Pronto, la discrepancia política se transformó en un conflicto sangriento, y se derramó sangre entre quienes habían luchado juntos en defensa del Mensajero y del mensaje sagrado que portaba para la felicidad de toda la humanidad. Tres califas fueron asesinados; tuvo lugar la Batalla del Camello entre el primo del Mensajero y su esposa Aisha; luego vino la Batalla de Siffín entre parientes, Ali ibn Abi Tálib y Mu‘awiya ibn Abi Sufián. Después se sucedieron los conflictos entre omeyas y abasíes, y se encadenaron guerras y campañas entre ellos, hasta que la lucha por el poder se convirtió en la norma y no en la excepción.
Más grave aún fue que todas esas calamidades se justificaron y se describieron como la etapa del “califato bien guiado”, como si la rectitud pudiera ir de la mano del derramamiento de sangre y la caída de inocentes sin una referencia coránica clara. ¿Qué rectitud es esa? ¿Qué lógica acepta que las guerras internas, los asesinatos y los golpes de Estado sean un modelo de gobierno islámico, cuando el Corán establece con claridad que el gobierno solo puede ser con justicia, que la sangre es sagrada y que la discrepancia no justifica el combate?

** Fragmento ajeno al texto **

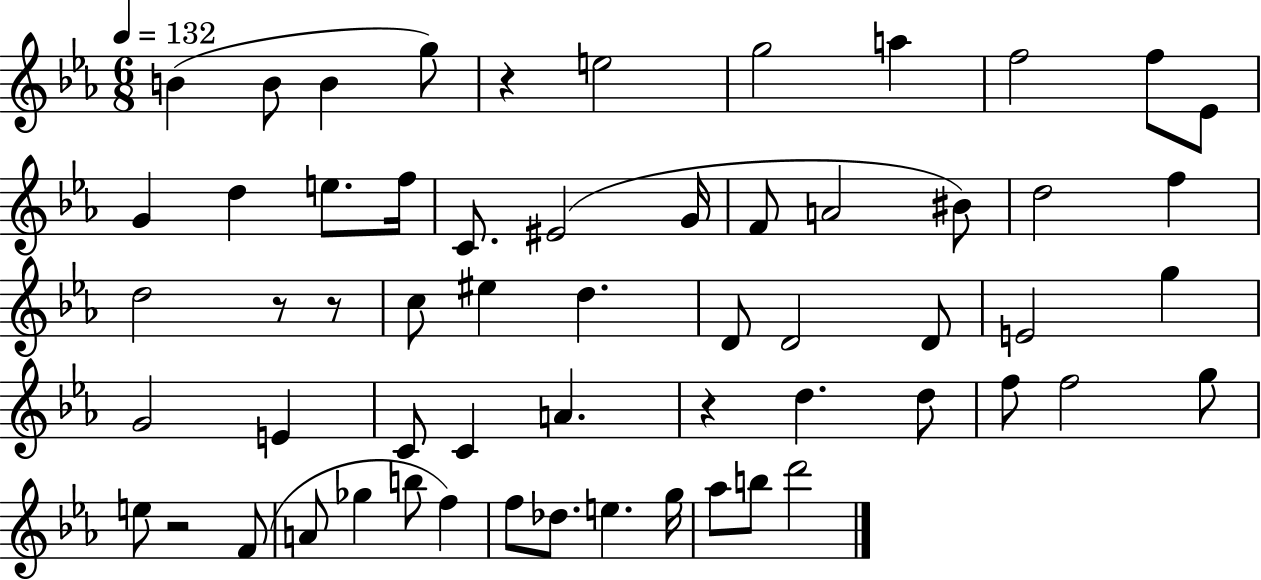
{
  \clef treble
  \numericTimeSignature
  \time 6/8
  \key ees \major
  \tempo 4 = 132
  b'4( b'8 b'4 g''8) | r4 e''2 | g''2 a''4 | f''2 f''8 ees'8 | \break g'4 d''4 e''8. f''16 | c'8. eis'2( g'16 | f'8 a'2 bis'8) | d''2 f''4 | \break d''2 r8 r8 | c''8 eis''4 d''4. | d'8 d'2 d'8 | e'2 g''4 | \break g'2 e'4 | c'8 c'4 a'4. | r4 d''4. d''8 | f''8 f''2 g''8 | \break e''8 r2 f'8( | a'8 ges''4 b''8 f''4) | f''8 des''8. e''4. g''16 | aes''8 b''8 d'''2 | \break \bar "|."
}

Luego llegó el episodio de combatir a quienes se negaron a pagar el zakat, a pesar de que el Corán no establece combatir a quien se abstiene de un acto de adoración, pues todas las adoraciones pertenecen a la relación entre el siervo y su Señor, y su rendición de cuentas queda pospuesta al Día del Juicio, no en manos de una autoridad ni de un califa. Aquí se consolidó un principio peligroso: transformar la religión de una relación entre el ser humano y su Señor en un instrumento de coerción y una espada levantada sobre la gente en nombre de la obediencia.
Con el paso de las generaciones, el alejamiento del Corán se profundizó, y este pasó de ser un Libro de guía y legislación a un libro de recitación, bendición, rituales y súplicas para el sustento y la apertura de puertas, mientras se ausentaban sus fines y esencias. Se desvaneció el mapa de la felicidad, la serenidad y la seguridad que trajo para el ser humano, y el musulmán comenzó a vivir en estrechez y sufrimiento a pesar de la abundancia de actos de culto, porque el método divino desapareció de la realidad de la vida.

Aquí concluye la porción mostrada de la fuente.